■ EXERCISE DIRECTIONS: Using the data below, reproduce exactly the lines from the line with "Renraku Lofi Indie" to the line with "2012 FORD FUSION VIN: 3FAHP0JA8CR433856", both included; pictures must be dropped.

■ DATA SHOWN:
[Start of Attachment]

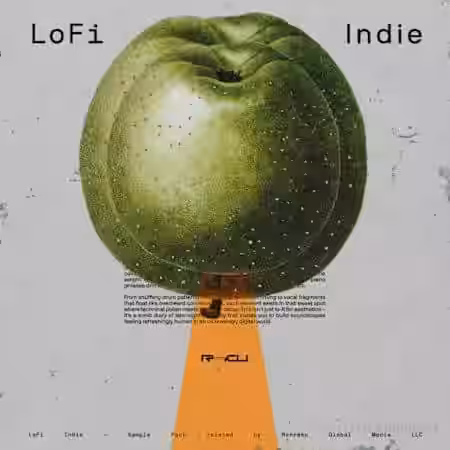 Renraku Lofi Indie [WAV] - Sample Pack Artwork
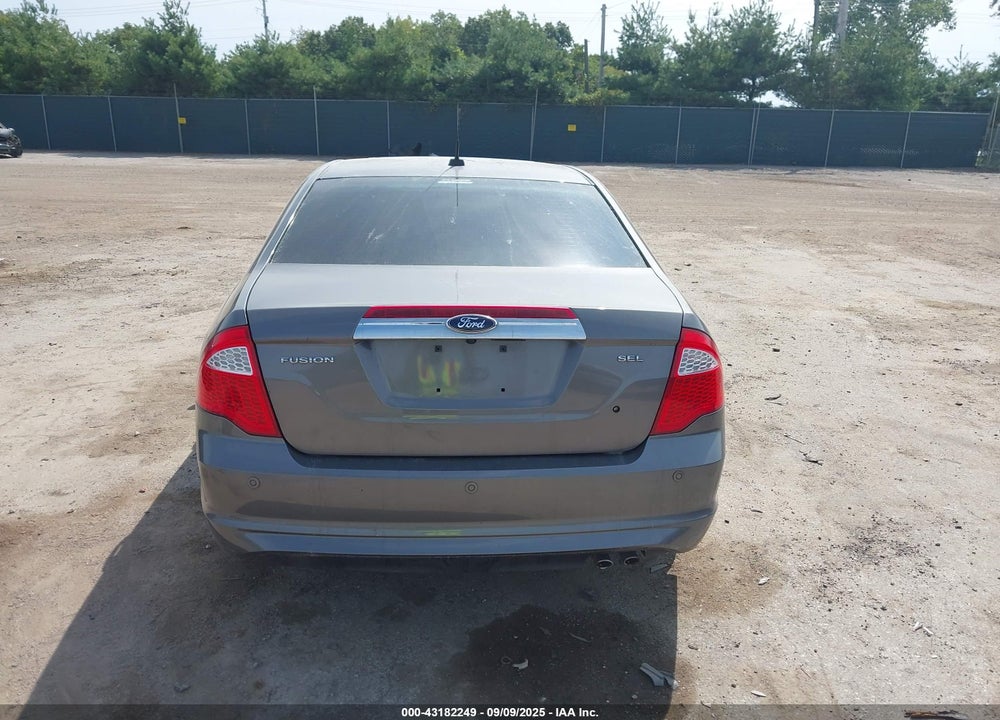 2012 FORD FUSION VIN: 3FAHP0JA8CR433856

[End of Attachment]
[Start of Attachment]

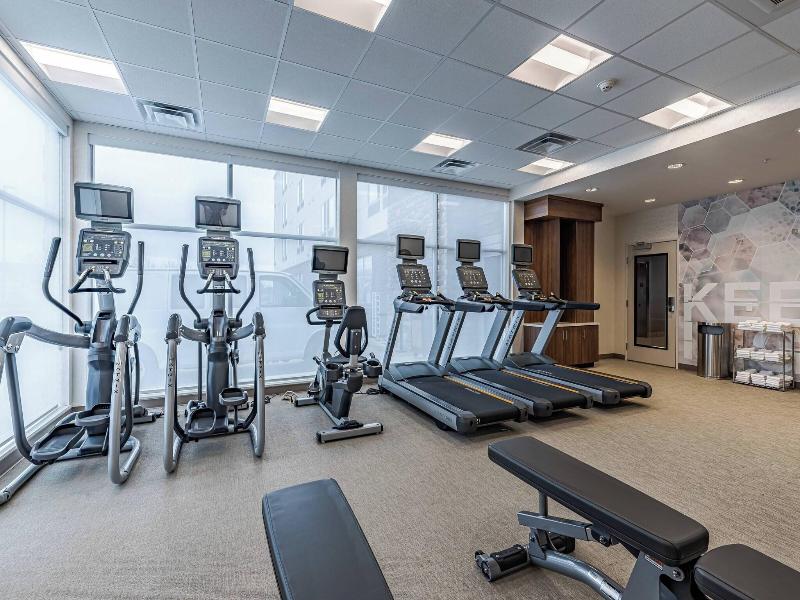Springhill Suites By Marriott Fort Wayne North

[End of Attachment]
[Start of Attachment]

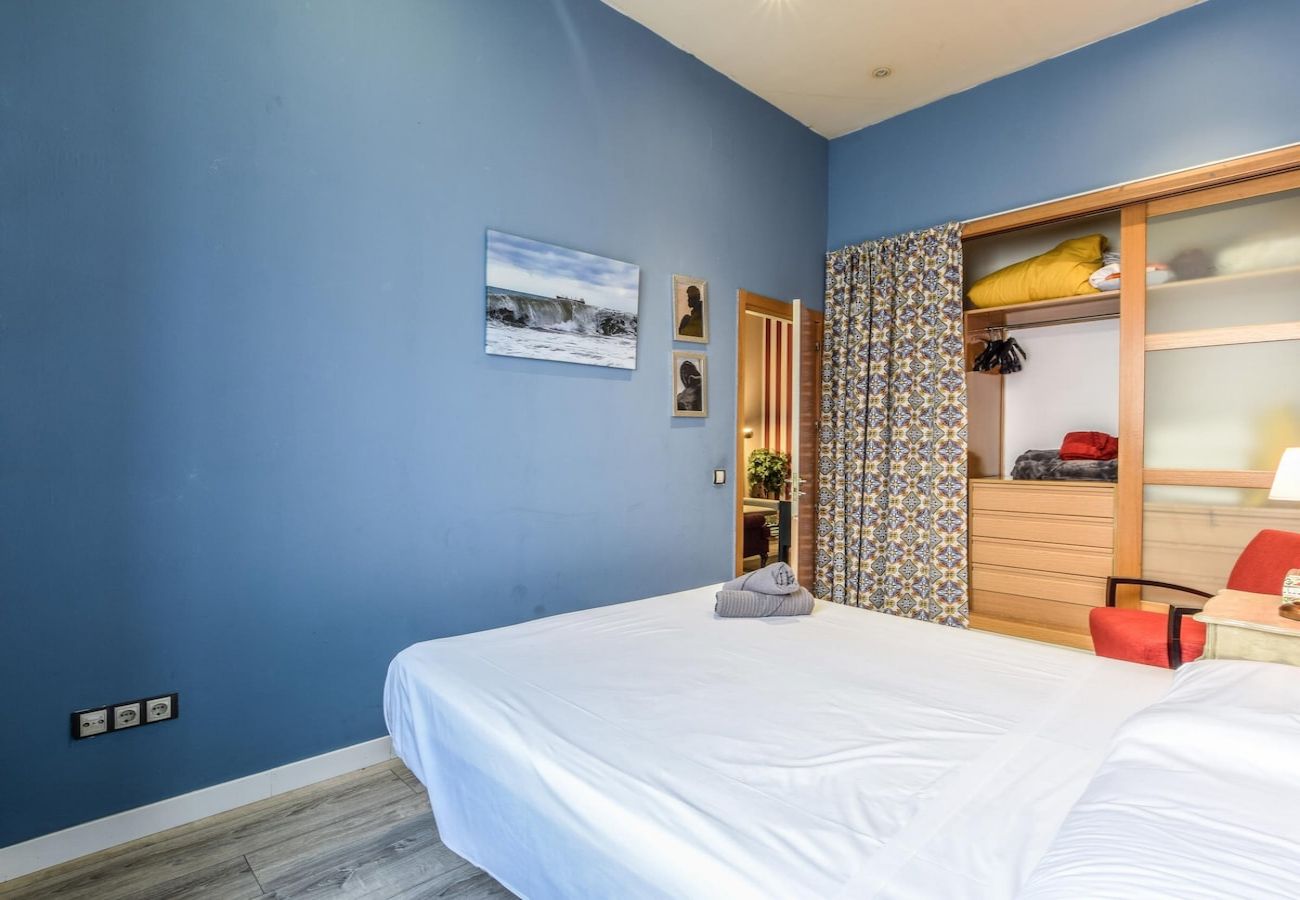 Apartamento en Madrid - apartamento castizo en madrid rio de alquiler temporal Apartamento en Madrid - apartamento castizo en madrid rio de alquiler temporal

[End of Attachment]

■ FINISHED TASK:
 Renraku Lofi Indie [WAV] - Sample Pack Artwork
 2012 FORD FUSION VIN: 3FAHP0JA8CR433856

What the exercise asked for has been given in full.